Let $F(x,y,z)=2x^2+3y^2+5z^2-xy-xz-yz$ and

$A=\begin{pmatrix}2 & -\frac{1}{2} & -\frac{1}{2} \\-\frac{1}{2} & 3 & -\frac{1}{2} \\-\frac{1}{2} & -\frac{1}{2} & 5\end{pmatrix}$ be the associated matrix.

The inertia of $A$, denoted $\operatorname{in}(A)$, is defined as the triple

$\operatorname{in}(A):=(n_1,n_2,n_3)$

where $n_i, i=1,2,3$ denoted the number of positive, negative, and zero eigenvalues of $A$ respectively. Prove the following:

$i)$ If $\operatorname{in}(A) = (3,0,0)$ then the quadratic is an ellipsoid.

so this problem is saying it has 3 positive eigenvalues and no negative and no zero eigenvalues.

i know the general equation for an ellipsoid is $\frac{x^2}{a^2}+\frac{y^2}{b^2}+\frac{z^2}{c^2}=1$ and that it only makes since for the eigenvalues to be all positive.

i'm not too sure how to actually "prove" it other than the fact if it was a negative it'd be a different shape

Answer 1

Define $x = (x_1,x_2,x_3)^T$. Note that $F(x_1,x_2,x_3) = x^TAx$.

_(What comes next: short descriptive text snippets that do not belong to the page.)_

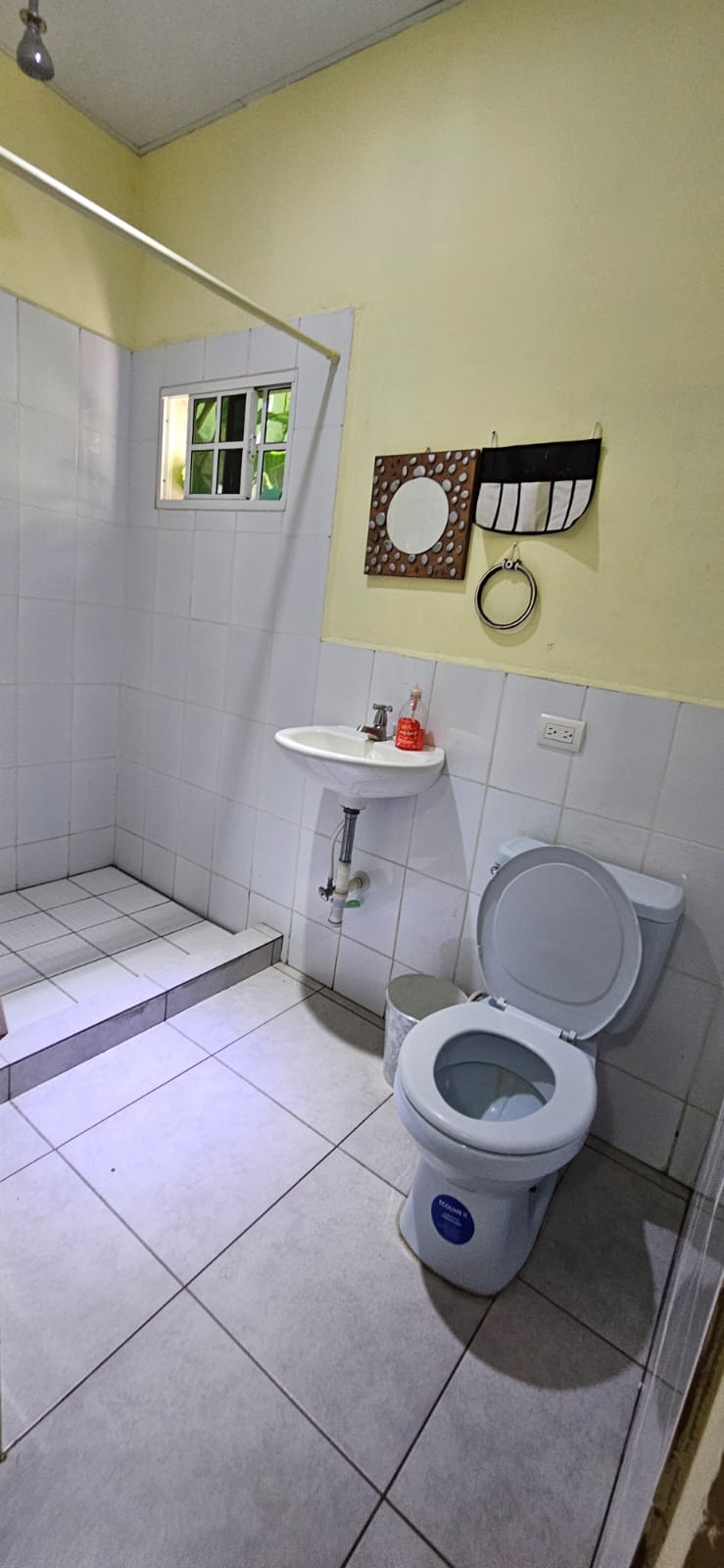 QUINTA EN VENTA EN SEGUNDA LINEA DEL LAGO DE COATEPEQUE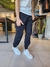 jogger cargo calcuta - gabardina importada - cintura elastica con boton ( negro ) - puntoaparte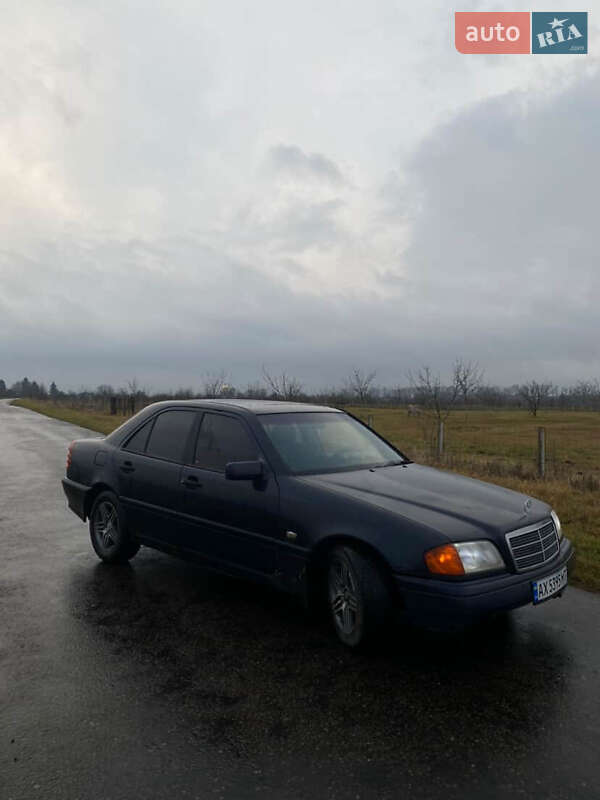 Седан Mercedes-Benz C-Class 1994 в Шептицькому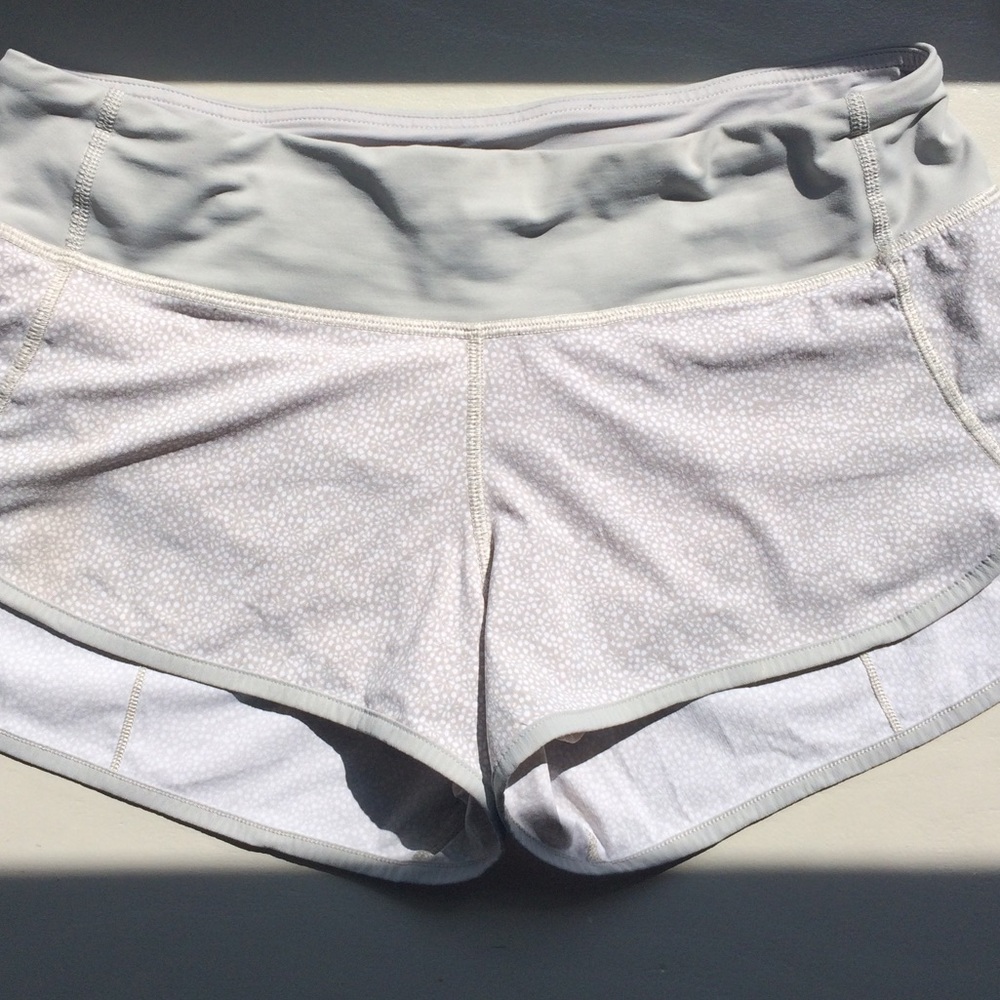 Lululemon speed shorts. Lightly worn. Sz 6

Now, by Sylvester's law of inertia: if $A$ is positive definite, there exists an invertible matrix $S$ such that $$ A = S^T\pmatrix{1&0&0\\0&1&0\\0&0&1} S = S^TS $$ Or in other words, we have $$ F(x_1,x_2,x_3) = x^TS^TSx = (Sx)^T(Sx) $$ Now, what does this mean geometrically? Let $s_{ij}$ denote the entries of $S$. Let $y = (y_1,y_2,y_3)^T = Sx$, so that $$ \pmatrix{y_1\\y_2\\y_3} := S \pmatrix{x_1\\x_2\\x_3} = \pmatrix{s_{11}x_1 + s_{12}x_2 + s_{13}x_3\\ s_{21}x_1 + s_{22}x_2 + s_{23}x_3\\ s_{31}x_1 + s_{32}x_2 + s_{33}x_3} $$ We can think of this as a change of variables from $x$ to $y(x)$. What we have, then, is that $$ F(x_1,x_2,x_3) = y^Ty = y_1^2 + y_2^2 + y_3^2 $$ That is, there is a linear change of variables that takes us from this quadratic to the sphere. That can only be true if we have an ellipsoid.